True to form, her father arrived home, and in his drunken state, found no kind words for Annie, who apparently reminded him of her mother.

Annie holding new born daughter Annette in 1942.

Sam, in total horror, ordered Annie to come to his home, where she was welcomed with open arms by Sam’s parents. She remained living with the Mottershead family, right up until just after her and Sam were married, in 1939.

In 1941, with Sam in the army and overseas fighting during the Second World War, and their first child on the way, Annie moved home to be with her aging father.

Annie and Sam’s first born child, Annette Mottershead, came into the world on February 16, 1942, born in the same room and bed in which Annie herself had been born, twenty years before. The midwife had been called, but didn’t arrive in time. Annette was born with only Annie’s seventeen year old sister Edith present at the birth.

The family in 1946.

Annette became “big sister” to Christine, on April 29, 1945, during the same year in which Sam was discharged from the army. Sam had spent so much time away that when he finally came home for good, Annette didn’t realise that he was her daddy. When Annie told Annette to kiss Daddy goodnight, she followed their usual routine, which was for her to climb up onto a chair to kiss the photo of Daddy on the sideboard!

On June 26, 1946, Annie and Sam’s third daughter, Vivien, arrived and in 1951, the family of five immigrated to Sydney, Australia.

Christine's wedding dress and Joanne's flower girl dress were both made by Annie.

When they arrived in Australia, one of the first purchases Annie made was a “Pfaff” sewing machine. She had been taught how to sew by her Auntie Lily, a sister of her mothers, and she made all of the clothes for her three daughters using the sewing machine. When the girls were married, Annie made a wedding dress, bridesmaid dresses and flower girl dresses herself, along with doing all of the catering for the weddings.

When Annie and Sam’s fourth daughter Joanne came along, Annie continued with the tradition of sewing beautiful clothes for her to wear. As Joanne also showed an interest in learning to sew, Annie patiently spent hours at a time, teaching Joanne everything she knew about sewing, (between multiple cups of tea!) on her trusty “Pfaff” sewing machine.

A new dress for Joanne.

To this day, Joanne still has her mother’s one and only sewing machine, bought way back in 1951.

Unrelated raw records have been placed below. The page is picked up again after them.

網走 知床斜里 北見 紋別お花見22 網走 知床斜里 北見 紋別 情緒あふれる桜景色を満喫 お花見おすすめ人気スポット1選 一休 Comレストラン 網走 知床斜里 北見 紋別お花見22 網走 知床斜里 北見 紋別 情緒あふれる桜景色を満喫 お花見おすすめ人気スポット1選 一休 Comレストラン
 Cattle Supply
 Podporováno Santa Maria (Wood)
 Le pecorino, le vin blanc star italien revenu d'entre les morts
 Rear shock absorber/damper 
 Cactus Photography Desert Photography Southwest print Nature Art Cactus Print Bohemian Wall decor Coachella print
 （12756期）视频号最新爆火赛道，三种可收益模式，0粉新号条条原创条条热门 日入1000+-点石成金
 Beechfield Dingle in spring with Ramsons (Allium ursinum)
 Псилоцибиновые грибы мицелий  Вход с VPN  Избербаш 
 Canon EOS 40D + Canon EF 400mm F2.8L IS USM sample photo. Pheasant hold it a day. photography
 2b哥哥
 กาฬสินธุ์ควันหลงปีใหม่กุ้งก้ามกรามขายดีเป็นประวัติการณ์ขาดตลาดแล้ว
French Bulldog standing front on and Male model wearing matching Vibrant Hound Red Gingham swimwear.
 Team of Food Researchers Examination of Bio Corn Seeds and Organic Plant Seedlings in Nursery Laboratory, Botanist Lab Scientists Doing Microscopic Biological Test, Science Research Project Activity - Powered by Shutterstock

After all the girls had left home and Sam and Annie had moved to the far north coast of New South Wales, Annie found more time to pursue her other interests, cake decorating and crochet.

She claimed herself to be a “Jack of all trades and master of none”. Just take a look at these photos, showing the skills she was capable of. I think you will agree that she underestimated her own abilities profusely!

Annie and Sam celebrated fifty years of marriage in 1989, with Golden Wedding Anniversary celebrations at the home of their daughter, Vivien. Photos taken on the day can be seen by clicking here….

After the death of her mother, whilst she was still a child herself, Annie lived what some would term a hard life, but she never gave up on pursuing her dreams. Her strength of character saw her conquer the most trying of times, as she continued to care for her family with love, strength and compassion when others might have given up the fight. Annie was the driving force in keeping her family happy and close, the one who everyone turned to if they needed a shoulder to lean on, and an ear to listen to their woes. Annie always had time for those she loved ~ always.

At the christening of grandaughter Emma, in 1993.

Annie left us on Monday, August 30, 1993, but the family traditions she created during her lifetime have remained. Sam said the memory of his wife lived on, every time he looked into the eyes of one of their daughters.

The names of the descendents of Annie Mansfield, along with further stories of her life with her husband, Samuel Rubery Mottershead can be found by clicking here…

Sam and Annie, 1962.

“My mum is a never ending song in my heart, of comfort, happiness, and being. I may sometimes forget the words but I always remember the tune.” ~ Graycie Harmon.